Occupants of the house reported the blaze about 1:15 p.m.
"When firefighters arrived on scene it was about 30 percent engulfed. It quickly spread engulfing both floors," Ellis said, adding that Scott Richards, AFD shift commander, immediately called for reinforcements. "All firefighters who could get here were called in — some to come to the scene and others to cover anything else that might come in. Ice (road conditions) did hamper arrival."
Billowing black smoke spreading across the sky drew an audience of bystanders.
Luckily the occupants of the home escaped the growing blaze without injury.
The path of the fire
"The owner said they smelled smoke and saw smoke coming from the floor vents," Richards said.

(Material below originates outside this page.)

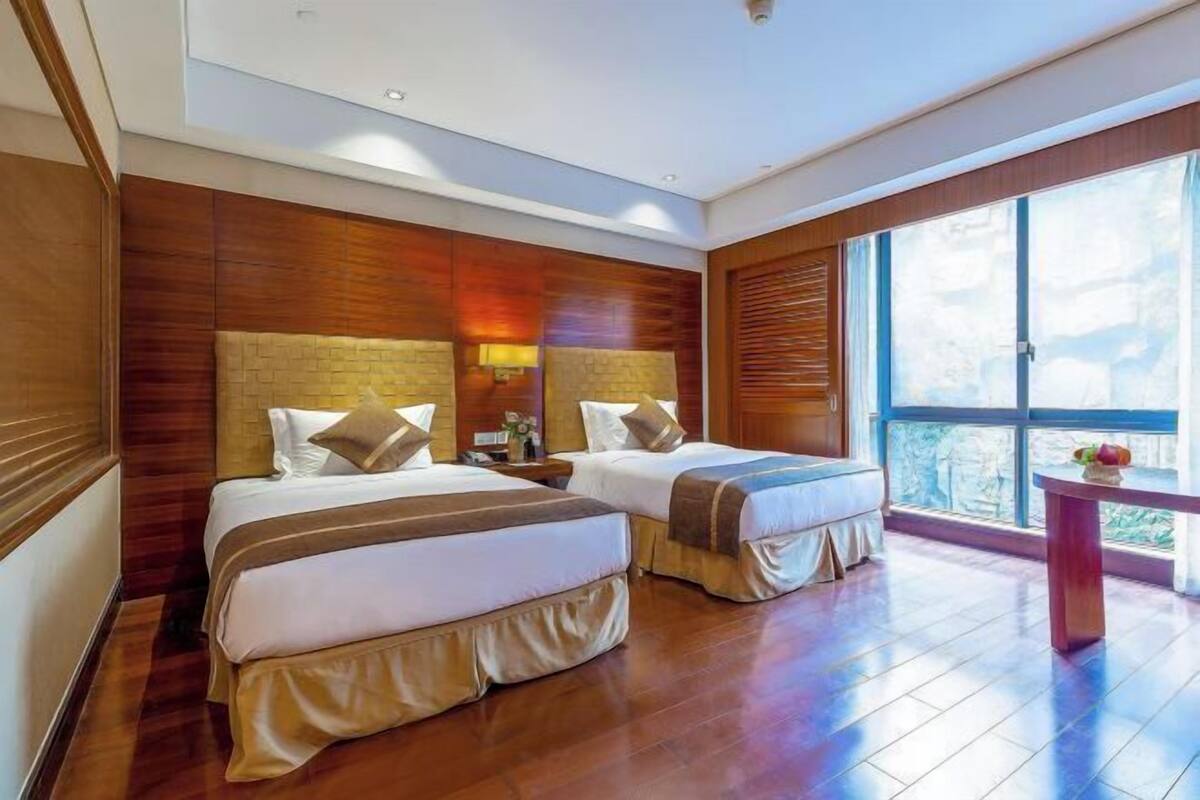 A hotel room with two beds, wooden paneling, a large window, and a small table.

Calling the blaze a "rapid build up," he said, "We assume the fire started in the basement, got in the walls and climbed to the second floor before the occupants even knew the house was on fire."
Richards explained several "interior attack" attempts were made. The last one could have been deadly.
"We had firefighters inside on the second floor when there was a flash over," he said. "We were lucky — they all got out."
Within minutes the second floor collapsed onto the main floor of the house.
Richards said the "fire below and fire above" was just one of the highly unusual elements firefighters contended with in the battle against the inferno. No firefighter injuries were reported as a result of initial warfare against the flames.
The cause of the blaze
Richards said based on what the homeowner told firefighters his family noticed it appears the fire started in the basement. However, without evidence or how and why the fire started the cause of the fire is pure conjecture at this point. And Ellis said, the extensive damage caused by the flames will further hamper the investigation into the cause.
"We're not sure now and we might not ever know what caused it due to the collapse of the structure and the amount of debris," Ellis said.